Credit: Tom Ellenberger
Understanding the interaction between 2 genes may be the key to better treatment of Fanconi anemia, according to a paper published in Cell Cycle.
Researchers investigated the relationship between FANCD2 and DNA2, 2 genes known to play roles in DNA repair.
A defective version of FANCD2 can result in Fanconi anemia. And although DNA2 has not been associated with a Fanconi anemia family
yet, genetic studies have implicated DNA2 in the Fanconi anemia DNA repair pathway.
With the current study, the researchers found that deleting either FANCD2 or DNA2 alone makes cells susceptible to DNA damage. But the deletion of both genes enables DNA repair.
“A key implication of this finding is the potential to manipulate DNA2 to improve the survival of FANCD2-deficient cells, and hopefully, by extension, the survival of [Fanconi anemia] patients,” said study author Kenneth Karanja, PhD, a former postdoctoral scholar at the California Institute of Technology in Pasadena.
To uncover the relationship between the genes, Dr Karanja and his colleagues applied DNA-damaging substances—formaldehyde and cisplatin—to 3 types of cells: those lacking FANCD2, those lacking DNA2, and cells lacking both genes.
The groups of cells in which only 1 of the 2 genes had been deleted quickly succumbed to the substance-induced DNA damage. However, the cells lacking both FANCD2 and DNA2 were able to repair the DNA damage and survive.
So the researchers concluded that depletion of DNA2 in FANCD2-deficient cells reverses the cells’ sensitivity to DNA-damaging substances. And this finding may have implications for Fanconi anemia treatment.
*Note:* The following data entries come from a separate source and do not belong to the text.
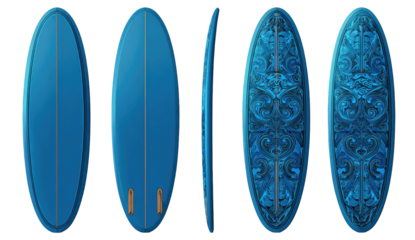Multiple views showcase a stylized surfboard, transitioning through perspectives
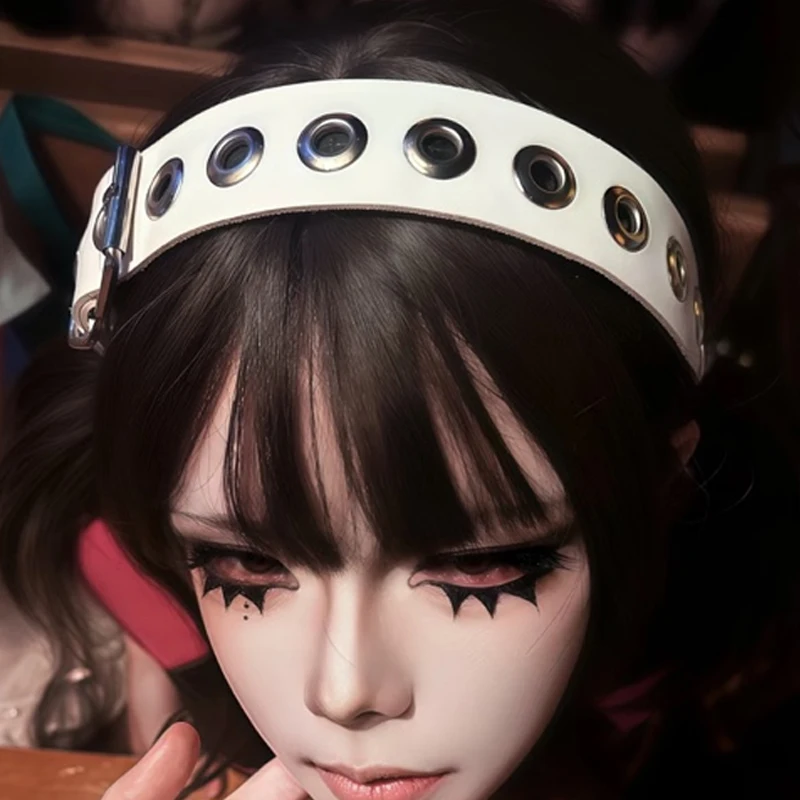Subculture Hollow Out Steampunk Hair Hoop Headband Gothic Punk Rivet Headband Wide Side Headwear Leather Buckle Hairband Cosplay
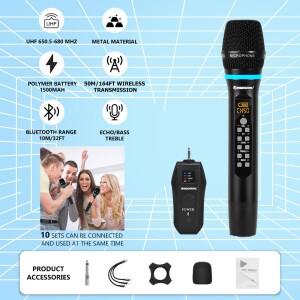 휴대용 UHF 핸드헬드 노래방 다이나믹 마이크 시스템, 에코, 트레블, 베이스 및 블루투스, 160FT 범위 무선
“DNA2 is a well-studied gene, and this recent discovery could potentially become the basis for ameliorating the symptoms of this incurable disorder,” said study author Judith Campbell, PhD, of the California Institute of Technology.
“Since much is known about the mechanism of action of DNA2, it is an attractive target for future drug treatments—like small-molecule inhibitors that could reduce [a Fanconi anemia] patient’s cancer predisposition—as well as a possible gene therapy for aiding a patient’s blood cell development.”